Poche foto negli ultimi tempi, ahime, le mie attenzioni
rapite da questioni pratiche più o meno transitorie,
e la reflex sempre nel cassetto. In compenso mi sto
giovando degli inoppugnabili effetti della diet-dug,
nove chili in sei settimane... Non male, no?
le stesse persone che tempo addietro mi dicevano
"ma sei ingrassato!", ora, con lo stesso tono di
voce meravigliato mi apostrofano "ma sei dimagrito!"
e a me questa cosa diverte non poco, perchè mi
fa cogliere il palese senso di impermanenza delle
cose terrene... Come nel messaggio scritto nella
toilette pubblica di cui sopra, una tautologia mi
può salvare la vita, che so, "il sole soleggia",
"il pulitore pulente pulisce", "un duggoso dug
duggheggia"... "la dieta dietoreggia" o giù di lì...
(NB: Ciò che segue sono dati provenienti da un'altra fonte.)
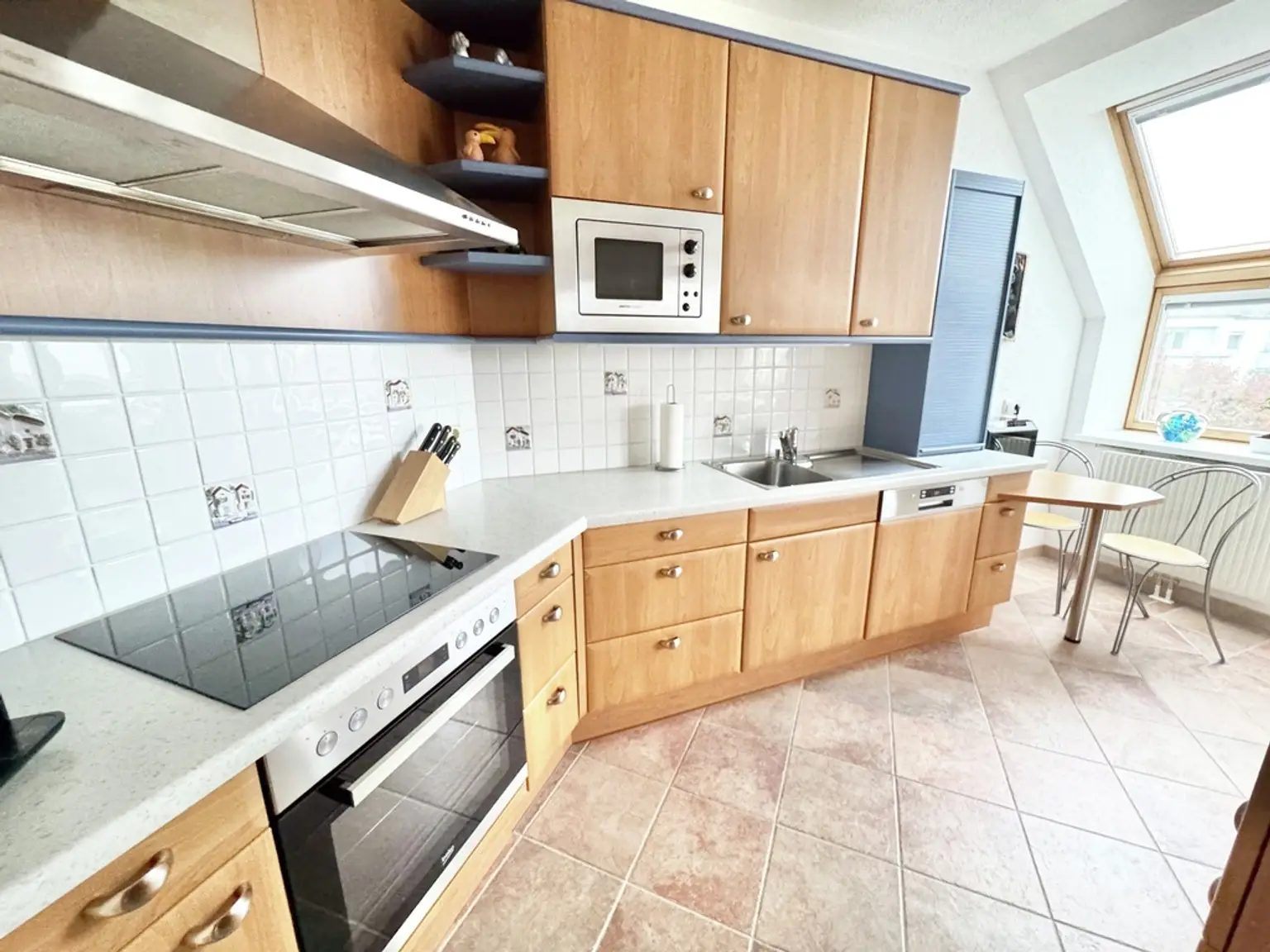 TRAUMHAFTE NEUBAUWOHNUNG MIT FERNBLICK | LICHTDURCHFLUTETE 3 ZIMMER | GARAGE | TOPLAGE IN EBERGASSING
Eppure è cambiato solo il mio atteggiamento
nei confronti del cibo, nel senso che ora ai carboidrati
do senza remore del "lei", non mi fido per niente
dei salumi, perchè non appena possono cercheranno
di vendicare le bestialità subite, ed invece do una
smodata importanza ad ogni signolo boccone di cibo,
quasi cado in una sorta di contemplazione mistica 
durante  la masticazione, più lenta e consapevole
di una volta, e poi ogni atteggiamento di sospetto cade laddove ci sono fibre... praticamente un firewall Symantec nello stomaco!


Dug ha scribacchiato ciò alle ore 00:06 | link | commenti (3)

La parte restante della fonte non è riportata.